Una vez que un proyecto de ley entra a las cámaras legislativas la deliberación queda capturada por la discusión de sus contenidos. Es una vieja práctica de los regímenes democráticos: quien pone la iniciativa pone también los términos del debate. Obviamente no me refiero a cualquier proyecto, sino a los que cuentan con el respaldo político suficiente para ser aprobados y, en consecuencia, reclaman una reacción rápida y acuciosa de quienes participan de ese debate por interés o por convicción —o por ambos—.

Ese es el rasgo más notable de la recién estrenada iniciativa preferente: no sólo exige que los legisladores reaccionen de prisa a los proyectos presentados con ese carácter por el presidente de la república sino que, al hacerlo, las iniciativas se imponen sobre la agenda de la deliberación pública y abren un espacio amplio de oportunidad para que el Ejecutivo juegue con todos los medios que tiene a su alcance en favor de la aprobación. Este es el caso de la reforma laboral que ha vuelto a plantear Calderón al Congreso, enviando un pan envenenado que el nuevo gobierno tendrá que comerse antes siquiera de haberse sentado a la mesa. Y es que cualquier cosa que se decida, dada la composición actual del Congreso, será inevitablemente leída en clave de Peña Nieto. Apenas es necesario añadir que la reforma laboral será motivo de conflicto, sea cual sea el desenlace.

La otra iniciativa preferente enviada por Calderón al Congreso es mucho menos polémica. La reforma a la Ley General de Contabilidad Gubernamental es aparentemente inocua, de un lado, porque la mayor parte de sus contenidos ya forman parte del entramado legal del país —como ha señalado con tino el auditor Superior de la Federación—, y de otro, porque será difícil que los legisladores se nieguen a exigir que se produzca toda la información posible sobre los ingresos y los gastos de estados y municipios, sin pagar un costo político alto. Sin embargo, sería lamentable que la iniciativa pasara sin cambios, pues tal como está diseñada le daría mucho más poder a la Secretaría de Hacienda sobre los gobiernos locales y limitaría el acceso a la información pública que salvaguarda el IF AI.
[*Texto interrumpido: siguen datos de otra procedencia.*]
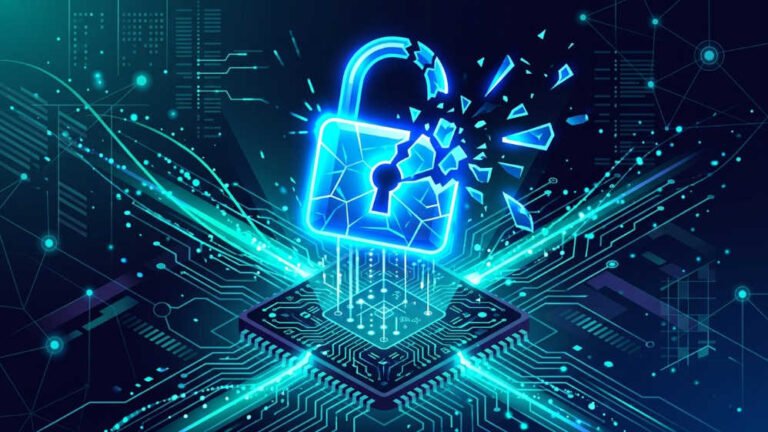 Criptografía post-cuántica: Ilustración de un candado digital fracturándose ante una computadora cuántica, representando la amenaza a la criptografía actual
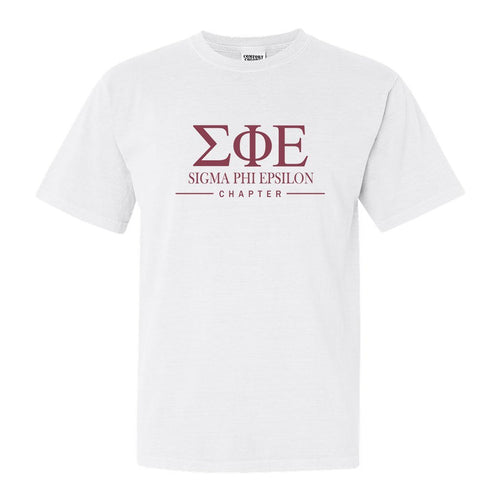 Sigma Phi Epsilon Comfort Colors T-Shirt - Sig Ep Basic Lined Shirt - Kite and Crest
Por otra parte, el presidente electo ha querido colocar sus propias “iniciativas preferentes” en el Congreso antes de tomar posesión. Y a juzgar por las prisas con las que se procesa la primera de ellas —destinada a modificar el marco constitucional en materia de transparencia y acceso a la información— es inevitable pensar que el nuevo líder giró ya una instrucción tajante para que esa reforma se apruebe antes de que concluya el sexenio de Calderón, sea como sea. Y tras ella, vendrán las otras dos ya anunciadas: una para promover una Comisión Nacional Anticorrupción y otra para modificar las reglas de la publicidad gubernamental en los medios masivos, escritas acaso con el mismo apremio con el que se está exigiendo la aprobación a la reforma de transparencia. Pero ninguna de esas iniciativas tiene carácter de preferente ni el Congreso se encuentra formalmente obligado a dictaminarlas a la carrera: si lo hace, será porque el nuevo presidente habrá querido iniciar su mandato mostrando eficacia, pero revelando un delicado descuido sobre las opiniones fundadas.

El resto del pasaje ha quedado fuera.